Multi-modal Knowledge Distillation-based Human Trajectory Forecasting

TL;DR

This work addresses pedestrian trajectory forecasting by leveraging multi-modal information (trajectory, 3D pose, and text) while mitigating computational costs through knowledge distillation. A teacher-student framework is proposed, where a full-modality teacher guides a student that operates with limited modalities, with explicit intra-agent and inter-agent latent alignments. The approach demonstrates consistent performance gains across ego-view and BEV-view datasets, with text-driven cues playing a key role in bridging modality gaps, and achieves up to approximately 13% improvements in forecasting metrics. The framework is versatile, generalizable across models (HiVT and MART) and datasets (JRDB, SIT, ETH/UCY), and offers practical benefits for resource-constrained systems without sacrificing predictive accuracy.

Abstract

Pedestrian trajectory forecasting is crucial in various applications such as autonomous driving and mobile robot navigation. In such applications, camera-based perception enables the extraction of additional modalities (human pose, text) to enhance prediction accuracy. Indeed, we find that textual descriptions play a crucial role in integrating additional modalities into a unified understanding. However, online extraction of text requires the use of VLM, which may not be feasible for resource-constrained systems. To address this challenge, we propose a multi-modal knowledge distillation framework: a student model with limited modality is distilled from a teacher model trained with full range of modalities.

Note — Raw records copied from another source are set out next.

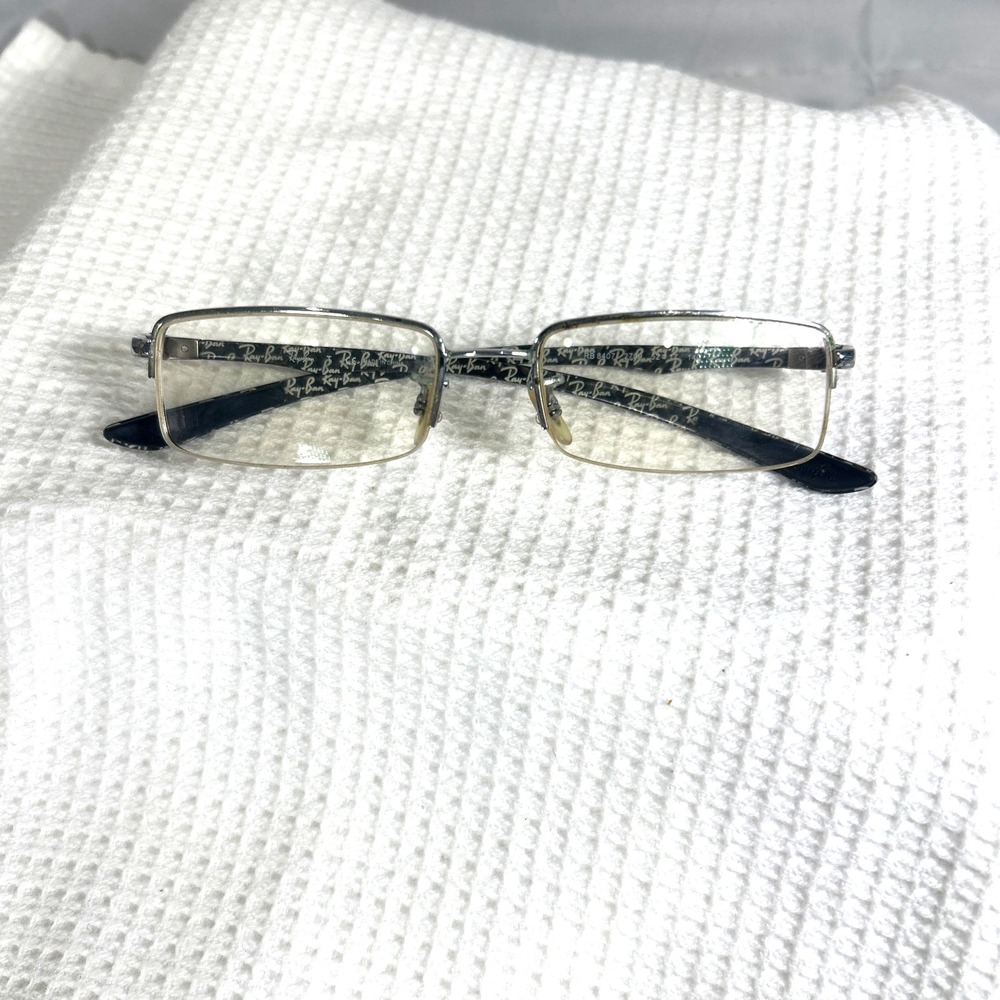 Ray-Ban Frames RB 8407 2709 52-17-140 Silver Half Rim Metal Eyeglass Frames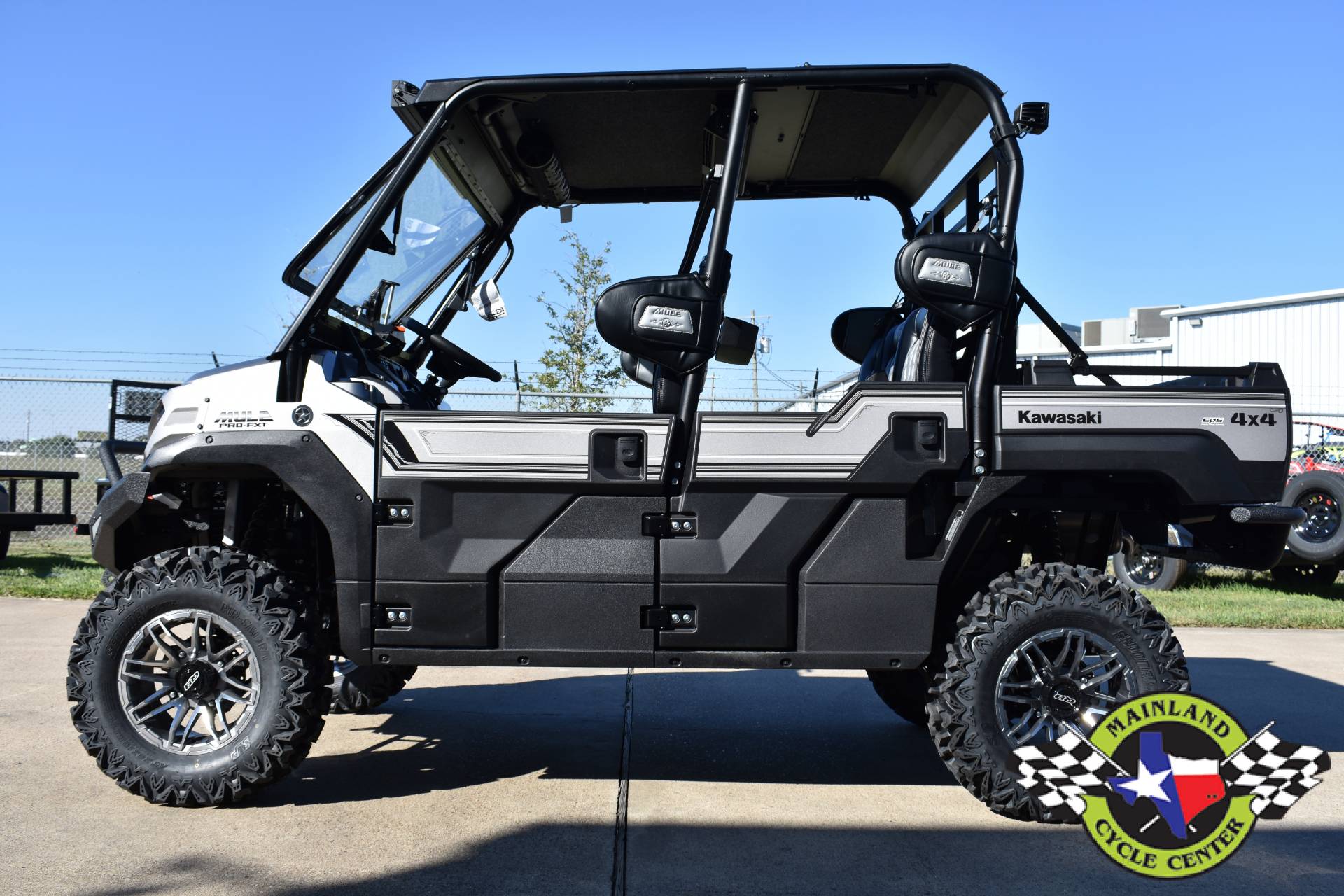 New 2020 Kawasaki Mule PRO-FXT Ranch Edition Metallic Phantom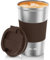 Aolieh Thermobecher, Kaffeebecher mit Auslaufsicherem Deckel, Thermobecher- Isolierbecher, Edelstahl Travel Mug, Kaffeebecher to go für heißes und kaltes Wasser Kaffee Tee 510ML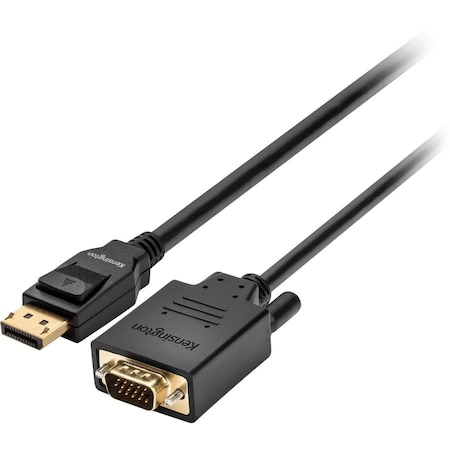 Kensington DISPLAYPORT 1.2 M TO VGA M PASSIVE UNIDIRECTIONAL CABLE, 6FT K33024WW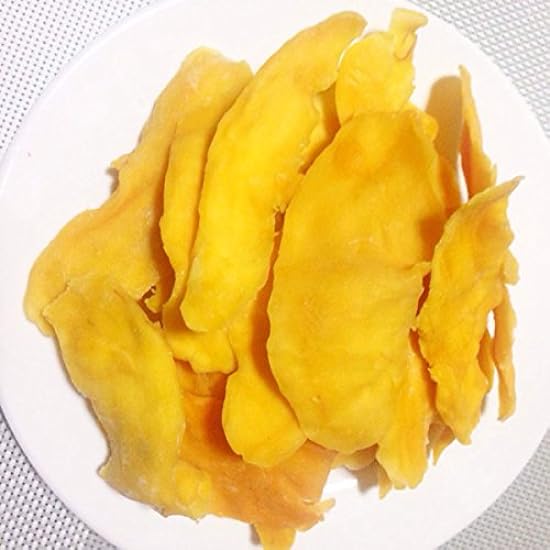 4 Pound (1816 grams) Dried peeled mango slices Grade A 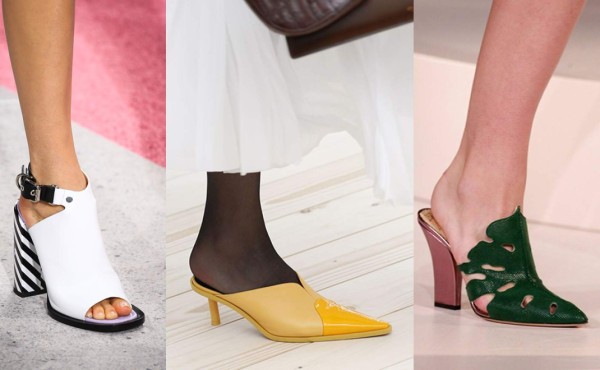 Los zapatos destalonados estrenan 'look”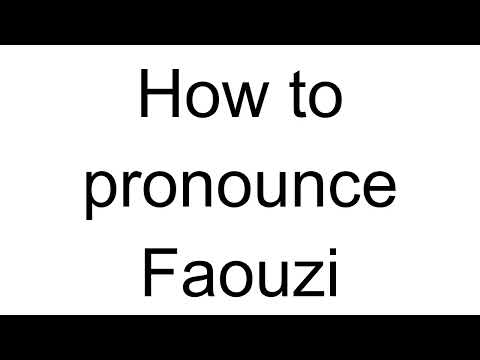 How to Pronounce Faouzi (Arabic)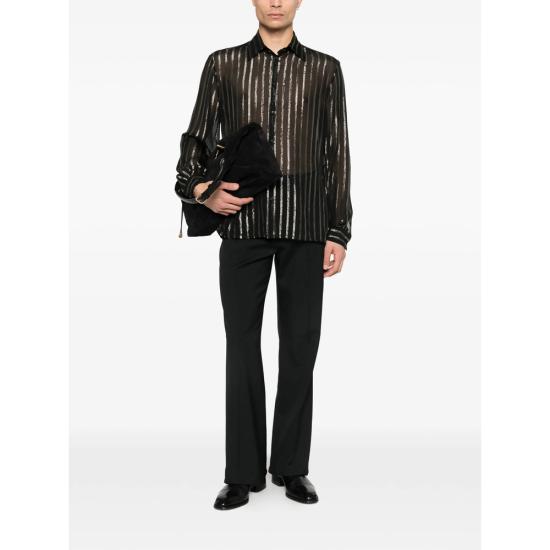 26SS 발렌티노 가라바니 긴팔 셔츠 8V3ABS20B9H N06 BLACK SILVER - VALENTINO GARAVANI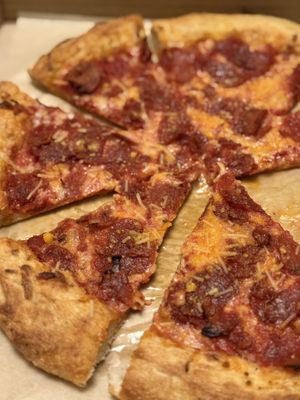 Pepperoni Pizzaa  at Down 2 Earth Plant Based Cuisine in Las Vegas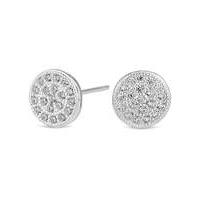 simply silver pave stud earring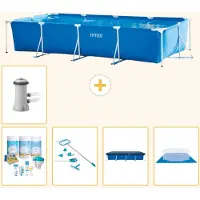 Intex Rechteckiger Frame Pool - 450x220x84 cm - 6-teilig S20066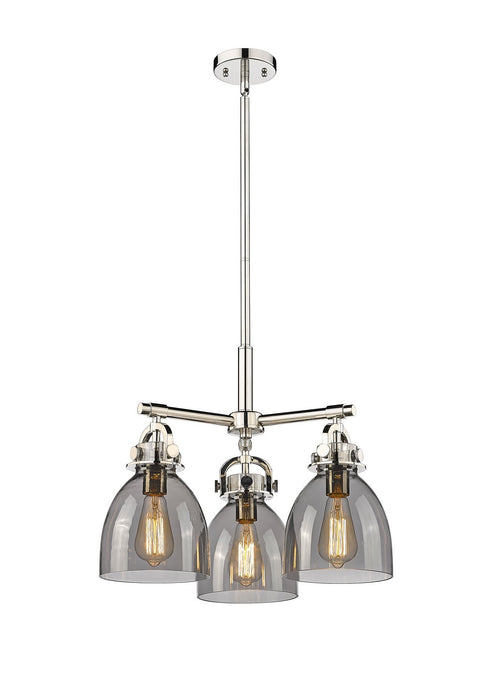 Innovations 410-3CR-PN-G412-7SM Three Light Pendant, Polished Nickel
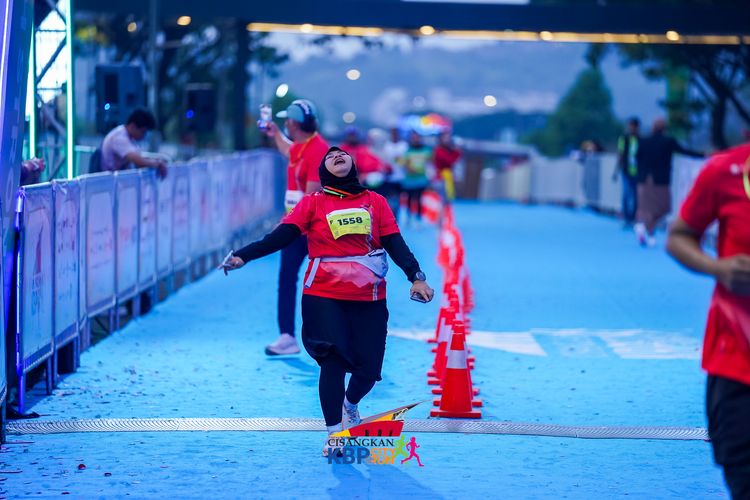 Race photo from CISANGKAN KBP CITY RUN 2025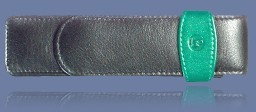 Pelikan Etui SKÓRZANE TG22 CZARNO-ZIELONE 923722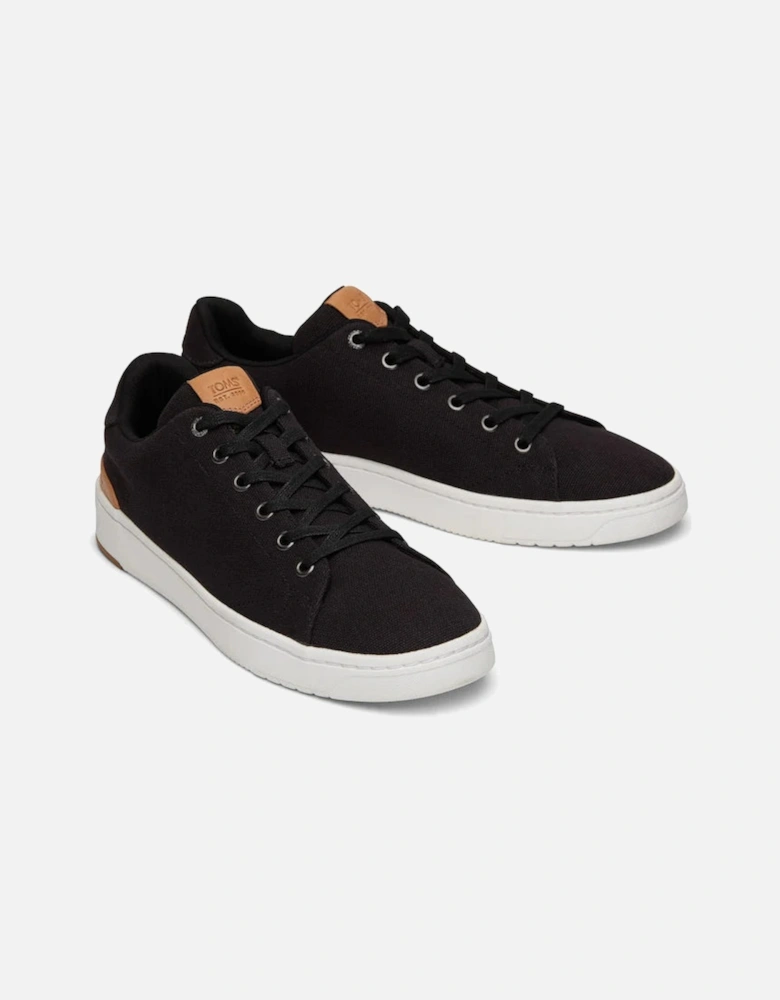 TRVL Lite 2.0 Low 100% Cotton Men's Black Trainers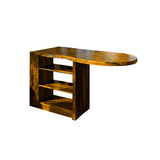 Solvane Live Edge Solid Wood Bar Table with Storage Teak - Timberustic Bar Table with Storage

The comprehensive knowledge of a teacher model trained with trajectory, human pose, and text is distilled into a student model using only trajectory or human pose as a sole supplement. In doing so, we separately distill the core locomotion insights from intra-agent multi-modality and inter-agent interaction. Our generalizable framework is validated with two state-of-the-art models across three datasets on both ego-view (JRDB, SIT) and BEV-view (ETH/UCY) setups, utilizing both annotated and VLM-generated text captions. Distilled student models show consistent improvement in all prediction metrics for both full and instantaneous observations, improving up to ~13%. The code is available at https://github.com/Jaewoo97/KDTF.

Paper Structure

This paper contains 26 sections, 9 equations, 3 figures, 6 tables.

Figures (3)

  • Figure 1: Multi-modal data such as human pose and text greatly improve trajectory forecasting performance. However, expensive modalities such as text are not readily available during application. Thus, we transfer the extensive knowledge from full modalities to a student model operating on a limited set of modalities.
  • Figure 2: We first pre-train a teacher model that leverages the full range of modalities, upon which a student model with limited modalities ($\mathcal{X}+\mathcal{P}$ or $\mathcal{X}$) is distilled from scratch. Regression losses for three observation settings ($T_p,2,1$) are applied to both teacher and student, while additional KD losses guide the student to robustly encode intra-agent modalities ($Q$) and inter-agent interactions ($H$).
  • Figure 3: Qualitative results on JRDB with $\mathcal{X}+\mathcal{P}$ HiVT model. The model outperforms its baseline counterpart with KD. Improved accuracy is demonstrated on all instantaneous and full observations. Origin denotes robot position, and bubbles represent text annotations.